Так вот, когда в 1919-м в город вошли белые, начались повальные обыски, и все наши жильцы удрали в горы, включая сапожника Марковича, который при красных был помощником коменданта города. Бежал и его друг Серго Орджоникидзе, который часто заходил к нему в подвал, и я все угрюмо думала, как показать ему нашу Евдокию, вернее, то, что от нее осталось. Дважды хотела его застрелить, да духу не хватило. Как я его ненавидела! Ночами не спала, задыхалась, все представляла, как убью. Акогда подвернулась возможность, рука не поднялась, хотя стрелять на хуторе я научилась хорошо, а из Порфишкиного оружейного тайника стащила наган.

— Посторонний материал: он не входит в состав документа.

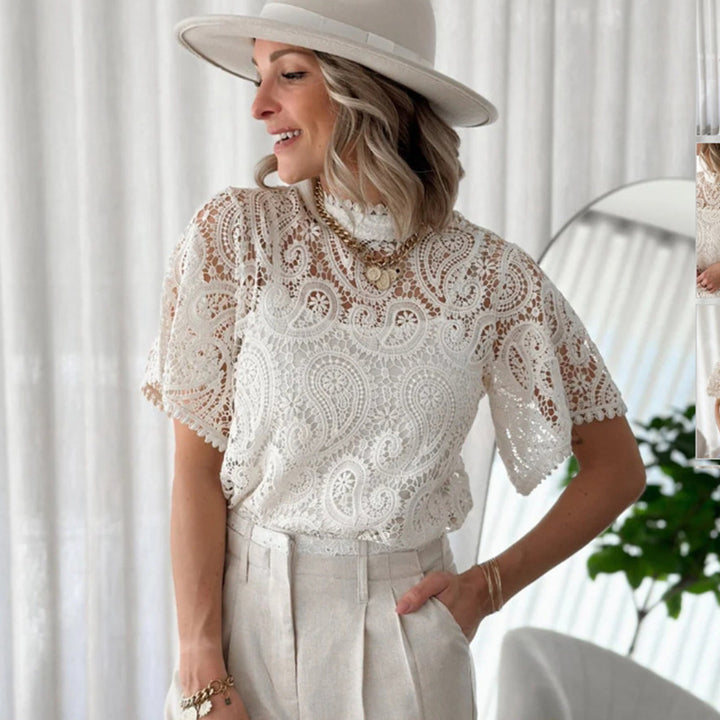 Dame spids top med blomsterlignende hul detaljer Stilla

Ушел с красными и мой брат Сергей. О нем я не так горевала, как о Порфишке. Сергей был такой же хвастливый и вороватый, только злой и очень ревнивый ко всему.

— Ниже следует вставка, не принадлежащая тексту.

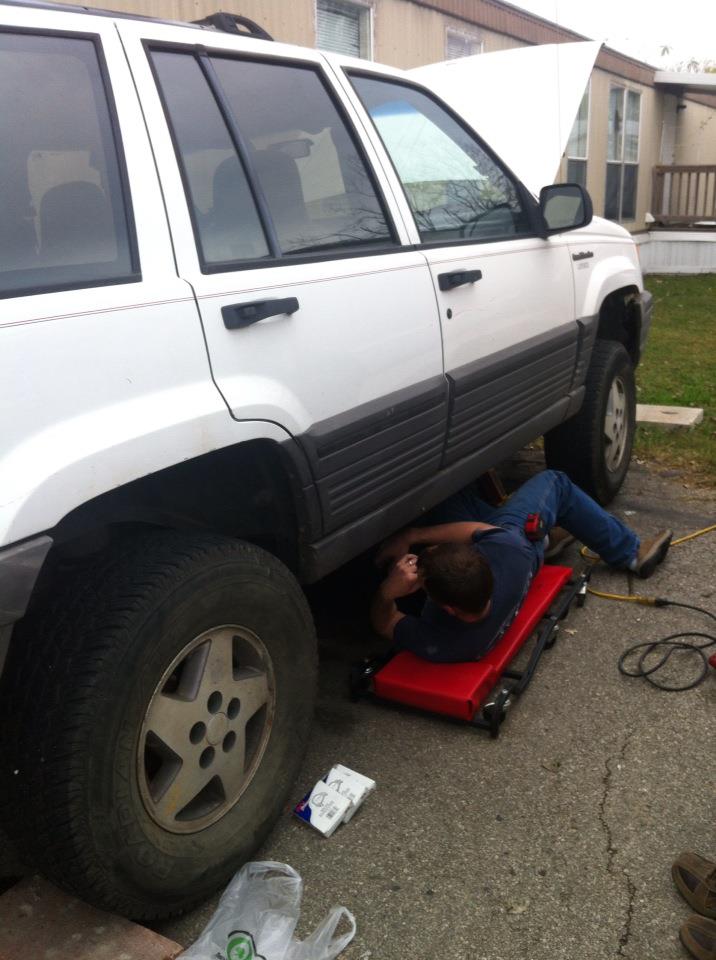 White SUV side view, person working underneath on creeper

Остальной город затаился. Все было смутно. Люди устали от беспорядков и хотели только, чтобы их оставили в покое, хотели снова зажить мирной жизнью. Однако возврата к ней не было. Все это понимали, но верить не хотели.
Начались массовые похороны жителей, расстрелянных при красных. Мертвецы пролежали на зловещем кукурузном поле несколько месяцев, многих можно было узнать только по одеже. Самое невероятное, что больше всего народа красноармейцы почему-то расстреляли с Молоканской и Курской слободок, где жила беднота, которая с самого начала поддерживала новую власть.
Не успели похоронить одних, как на Кирпичной улице против кладбища появились новые мертвецы. На этот раз – повешенные белой властью. Красные расстреливали – им было важно уничтожить; белые вешали – им было важно продемонстрировать расправу в воспитательных целях.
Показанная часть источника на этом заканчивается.